Currently I’m transferring beer from the FV to a corny, after which I’ll bottle condition or force carbonate and bottle.
Now I’m thinking of buying a kegerator to save me bottling but I’m not sure what the shelf life of the beer is once I’ve drawn a pint off the carbonated corny in a kegerator.
At present I drink bottles from a batch over several months and the beer usually improves. Any advice is appreciated.
 
The shelf life is quite long as long as stored at cellar temps or lower. I have had my kegs in cornies for months in fact I have had a Cherry Porter in a corny for over 2 years and draw a pint or two every few months and it still tastes good.

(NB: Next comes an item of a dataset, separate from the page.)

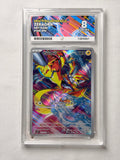 Zeraora 109/102 ACE 8 Slab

It is like most products hops/malts etc storage at the best temps and conditions prolong life
 
Think if you are able to keep oxygen away from the beer post fermentation especially for hoppy beers then beer lasts ages in a keg.
Thanks, I’ve just invested in a kegerator so should be able to hold the beer in CO2, so it’s good to hear that the beer should keep a while. Thanks for the advice.
 
does this apply to porters and stouts
Yes, but it's nothing to get paranoid over. I've heard that purveyors of cloudy over-hopped and under-bittered offerings suffer from the slightest contact with the merest molecule of O2, but, think about it; casks and bottles are not purged with an inert gas at commercial breweries so the pressure transfers into purged containers you might read about in some threads don't really apply to the styles you list elsewhere. It's important not to tempt fate, though, by being careless and splashing your beer around like a headless chicken. It's most important not to let air into your kegs as it will turn the beer. When I was using Boots barrels and had a few mates round, I'd vent the barrel and loosen the lid before connecting the barrel to a hand-pull. Trad English beers always tasted better when dispensed this way, but I'd only do it if I could be sure of getting through the whole barrel in the session.
You might guess from the above that I'm not inclined towards NEIPA-type beers, but I have successfully made and bottled the so-called "Cold IPAs" by bottling straight from the primary fermenter and leaving very little head-space in the bottle. No evidence of oxidation even a few months later. No, I don't use a bottling wand.